友人二人に彼氏ができ、焦りと不安を覚えた

大学に入って間もないころ、浪人して、文転して、志望校に落ちて、そのうえ私立に入学してしまった私は、人生のどん底にいた。何か自信を持つことができるようにと、資格を取れるコースを選択した。そこで出会ったのは、私が好きになる先輩だった。

まずその人に出会ったのは、大教室の授業だった。クラスでグループを組まされた中にいたのが2学年上の先輩。新入生がいっぱいいて、わちゃわちゃしている中で、落ち着いたその人は出会った時からキラキラして見えた。
その授業では、グループ発表をしなくてはいけなかったのだけど、8人グループはまとまらず、運よく仲良くなった友人二人とその先輩との4人で発表を作ることになった。

グループ発表を作る中で、自分と先輩が同じ資格コースをとっていることを知り、わからないことを教えてください、というのを口実に、少しずつ話せるようになってきたそのころ、私の友人二人から、彼氏ができた、という報告があった。
「おめでとう!」と口では言いつつも、心では焦りが出てくる。この二人が初めての友達だし、彼氏さんと付き合うんだったら、私は一人になってしまうかもしれない、という不安が出てきたのも一つ。私も彼氏ほしいなあ、がもう一つの理由。
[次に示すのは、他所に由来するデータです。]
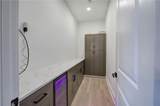 81 Summit Ridge Circle - Photo 18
初めての彼氏ができたそのとき、鼻からぬるっとした液体が…

そこで、輝いて見えてきたのが、あの先輩だった。授業が前期で終わり、半年がたってもたまに廊下ですれ違うと、話したり、挨拶したりする程度には仲が続いていて、ときたまラインを送ったりもしていた。

彼氏ほしい、という意識をしだしてから、急にこの先輩がもっと目に入るようになってきて、本当に寝ても覚めても先輩のことを考えるようになり、「よし、告白しよう。」と思ったのは2年生が始まってすぐくらいの時だった。この当時、私の頭の中の8割くらいをその先輩が占めていた。
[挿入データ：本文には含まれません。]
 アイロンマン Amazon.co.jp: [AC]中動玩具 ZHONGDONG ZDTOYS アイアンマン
「先輩、付き合ってください。」と言ったら、「いいよ」と返事が。そのあとからの流れが私には早すぎた。男友達もいないし、初めての彼氏だった。

告白をした後、小さい教室で一緒にレポートをしていた私の体に異変が現れた。鼻からぬるっとした液体が出てきたのである。
小さい時から、感情が高ぶると、涙と鼻血が出る子供で、それは大学に入ってからも、徐治ってはいなかった。

その時持っていた、白いタオルは真っ赤に染まり、トイレに入って冷やしても、私の鼻血は止まらなかった。先輩はそんな私を見ても、引きはせず、大丈夫?と声をかけてくれ、ついでに荷物をもってトイレにこもる私を待っていてくれた。
でも、鼻血を出してから、私の頭には「恥」の一文字しかなくて、それ以降先輩と話すのも、かおを合わせるのも、いやになってしまった。
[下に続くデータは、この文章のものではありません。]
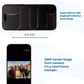 NEW (Sealed) Apple iPhone 17 Air (256GB) - Black - Phones From Home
恥ずかしい私を見られた。その思いにとらわれてしまった

次の日から、ラインを無視し始めたが、それでもラインをくれるので、ラインではなくメールで連絡してください、といっても、今度水族館に行こう、デートに行こうという誘いが来る。
7日後、私はメールで、「別れてください。」といった。理由をきかれたが、答えずいると、先輩も「わかった。」と言ってくれて、先輩と私はそこから何の関係もなくなってしまった。

振り返ると、連絡を取り続けてくれた先輩もちょっとは私を好きでいてくれたのだと思う。でも、私は、恥ずかしい私を見られたことで、好きになってもらえない、という負の感情と、恥の思いにとらわれてしまって、それ以上の関係性を続けられなくなってしまった。

今も、私は一人で、先輩以降付き合った人はいない。あの時、長く付き合っていれば…。
と思っても後の祭り。好きだったけど、好きすぎたのか、慣れていなかっのか、私には早すぎたのか。付き合うって難しい。